On 18.12.22 04:32, Huacai Chen wrote:
Hi, David,
What is the opposite of exclusive here? Shared or inclusive? I prefer
pte_swp_mkshared() or pte_swp_mkinclusive() rather than
pte_swp_clear_exclusive(). Existing examples: dirty/clean, young/old
...
Hi Huacai,
thanks for having a look!
Please note that this series doesn't add these primitives but merely
implements them on all remaining architectures.
Having that said, the semantics are "exclusive" vs. "maybe shared", not
"exclusive" vs. "shared" or sth. else. It would have to be
pte_swp_mkmaybe_shared().
Note that this naming matches just the way we handle it for the other
pte_swp_ flags we have, namely:
pte_swp_mksoft_dirty()
pte_swp_soft_dirty()
pte_swp_clear_soft_dirty()
and
pte_swp_mkuffd_wp()
pte_swp_uffd_wp()
pte_swp_clear_uffd_wp()
For example, we also (thankfully) didn't call it pte_mksoft_clean().
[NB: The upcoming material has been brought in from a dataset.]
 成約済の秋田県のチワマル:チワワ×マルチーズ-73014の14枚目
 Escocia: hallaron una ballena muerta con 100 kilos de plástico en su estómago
Grepping for "pte_swp.*soft_dirty" gives you the full picture.
Thanks!
David
Huacai
On Tue, Dec 6, 2022 at 10:48 PM David Hildenbrand <david@xxxxxxxxxx> wrote:
This is the follow-up on [1]:
[PATCH v2 0/8] mm: COW fixes part 3: reliable GUP R/W FOLL_GET of
anonymous pages
After we implemented __HAVE_ARCH_PTE_SWP_EXCLUSIVE on most prominent
enterprise architectures, implement __HAVE_ARCH_PTE_SWP_EXCLUSIVE on all
remaining architectures that support swap PTEs.
This makes sure that exclusive anonymous pages will stay exclusive, even
after they were swapped out -- for example, making GUP R/W FOLL_GET of
anonymous pages reliable. Details can be found in [1].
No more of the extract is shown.